Belfast Telegraph

Illegal memorials do damage to our image

Editor's Viewpoint

In any normal democratic society, the erection of 119 paramilitary memorials and murals on publicly-owned property would be regarded as an offence, and they would be removed. But Northern Ireland is not a normal society and paramilitaries - both republican and loyalist - still hold sway in many areas.

While politicians may make ritual calls for the memorials to be removed from gable walls or public spaces, they know fine well that workmen will not carry out that task, and no one can really blame them as they would be putting themselves at risk.

In any case, the memorials would be quickly replaced. In a way, they mark the continuing influence of paramilitaries or former paramilitaries. They know they can defy the authorities - and quite probably ignore the feelings of local people - by insisting that the memorials are retained.

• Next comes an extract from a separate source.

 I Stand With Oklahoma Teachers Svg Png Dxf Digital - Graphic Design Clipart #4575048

The murals and memorials - even those which many people feel are offensive - have sparked an alternative tourism trail showing that visitors view the symbols as some kind of shorthand to explain our past conflicts.

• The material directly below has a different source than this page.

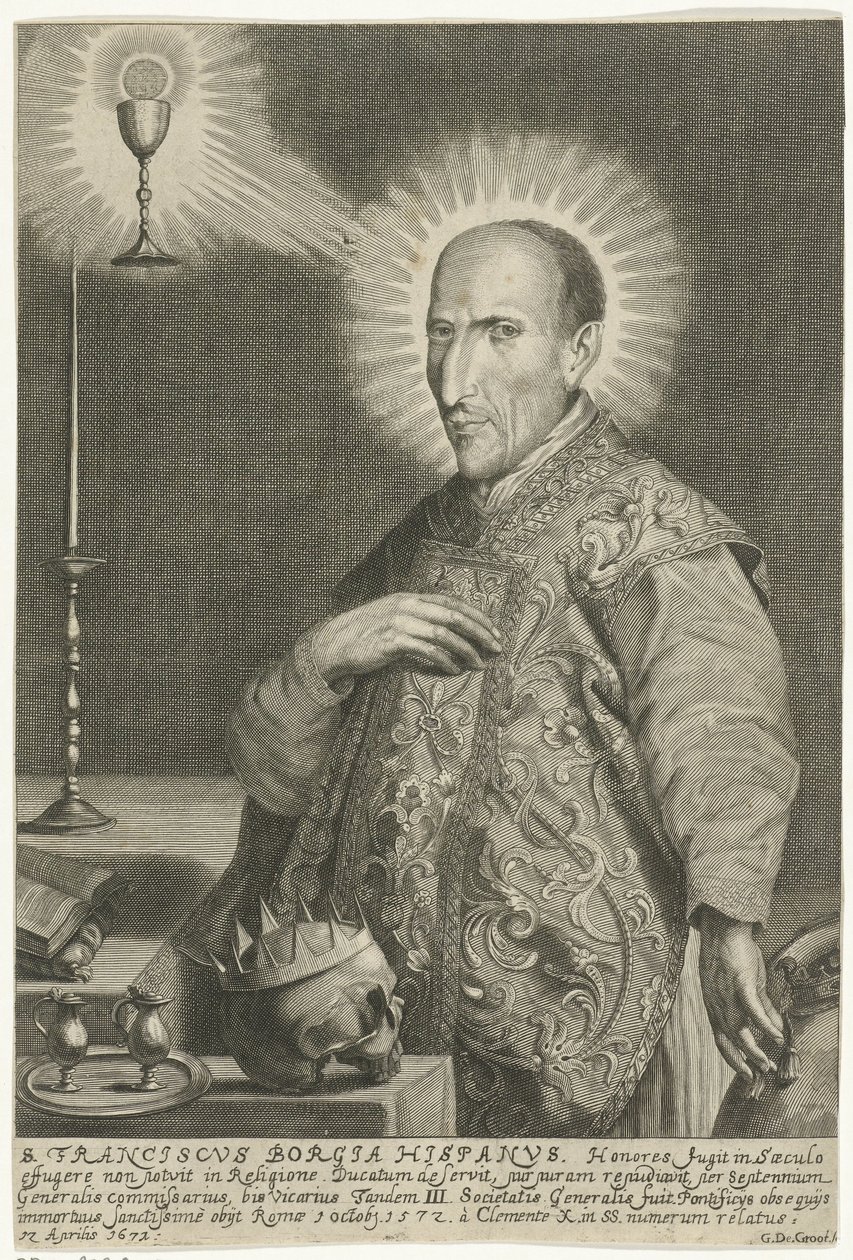 Porträtt av Saint Francis Borgia av Gerard de Groos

However, valuable work has already been done in replacing some of the murals depicting the savagery of the conflict. This has come about through painstaking and protracted conversations involving statutory agencies, paramilitaries and residents. In several cases, the outcome has been very positive.

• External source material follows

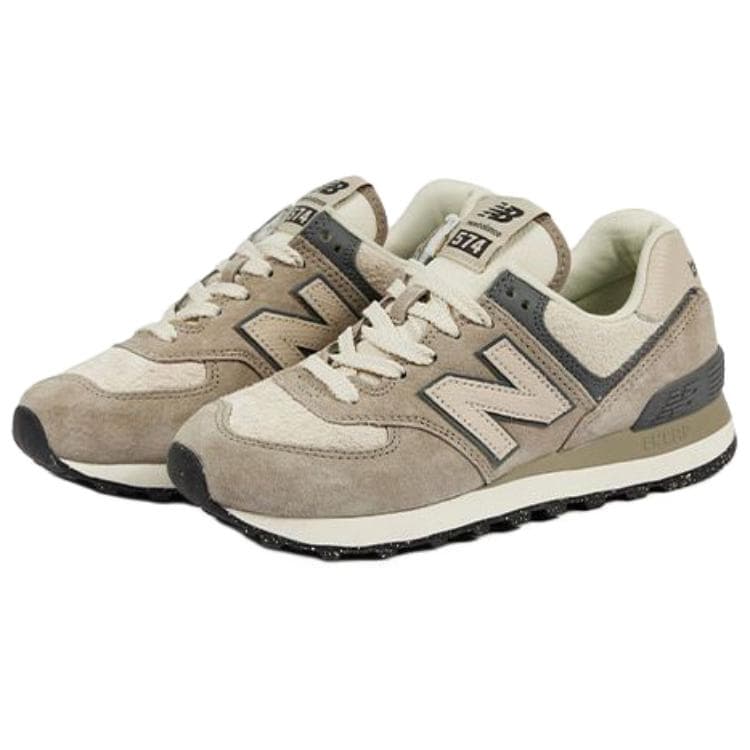 Кроссовки New Balance NB 574 Устойчивая к истиранию Низкая Повседневная Обувь Женская Светло-Коричневая - изображение 2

One image that springs to mind is the Ross Wilson mural of King William of Orange in the Sandy Row area, which replaced a UDA mural.

That points towards how portraits of masked gunmen can be reimaged to become cultural icons instead. There is no shortage of potential portraits which could tap into the cultural heart of communities on either side of the divide.

For instance, there are footballing and boxing heroes who could sit easily on either side of the peace walls, but each community might also wish to draw on historical figures who were inspirational in their time.

What is not in dispute is that many of the wall artists display a high degree of skill, and there is no reason why that cannot be put to good use in proper public art. It can be argued that it would be more authentic public art that some which currently passes for it.

By engaging local communities, the intimidating images and memorials which glorify terrorism could be replaced by ones reflecting a wider narrative.